*** Opening Recorded data ***

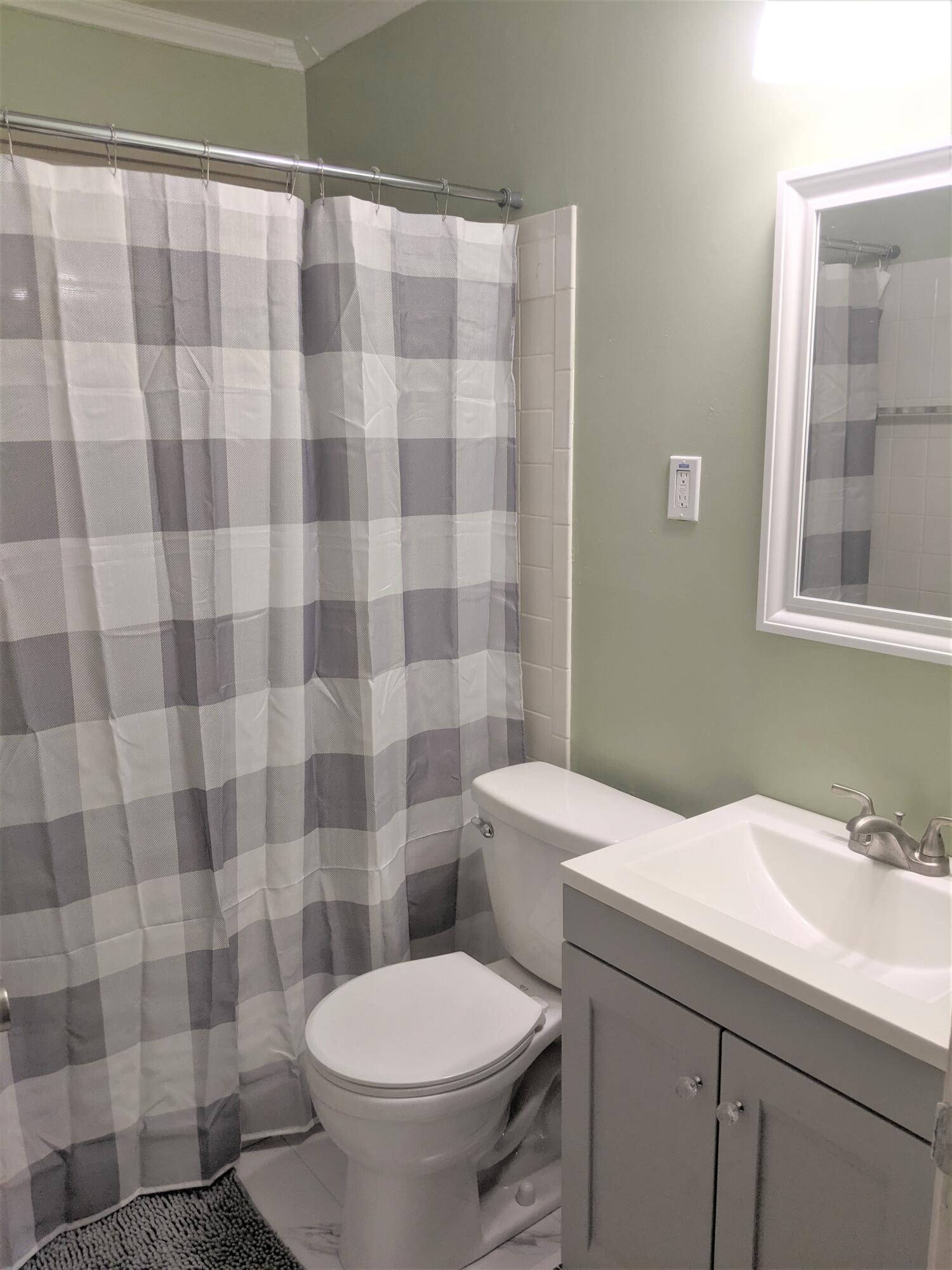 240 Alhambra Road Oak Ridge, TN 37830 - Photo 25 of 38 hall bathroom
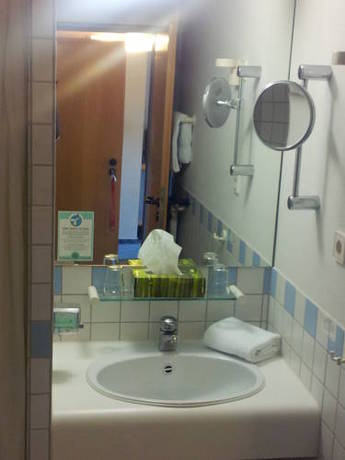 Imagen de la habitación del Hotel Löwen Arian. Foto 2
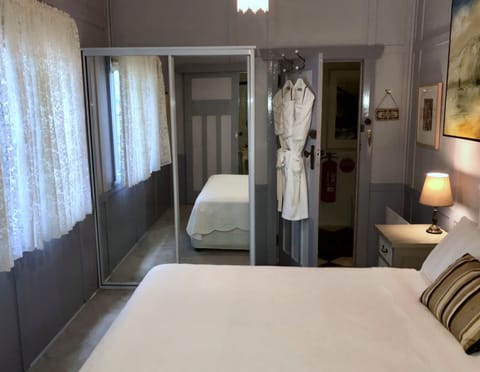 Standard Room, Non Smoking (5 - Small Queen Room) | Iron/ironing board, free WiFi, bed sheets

*** Closing Recorded data ***

[Exercise directions]: Copy out the material above in full and exactly; its pictures are not to appear.

[Answer to the exercise]:
 240 Alhambra Road Oak Ridge, TN 37830 - Photo 25 of 38 hall bathroom
 Imagen de la habitación del Hotel Löwen Arian. Foto 2
 Standard Room, Non Smoking (5 - Small Queen Room) | Iron/ironing board, free WiFi, bed sheets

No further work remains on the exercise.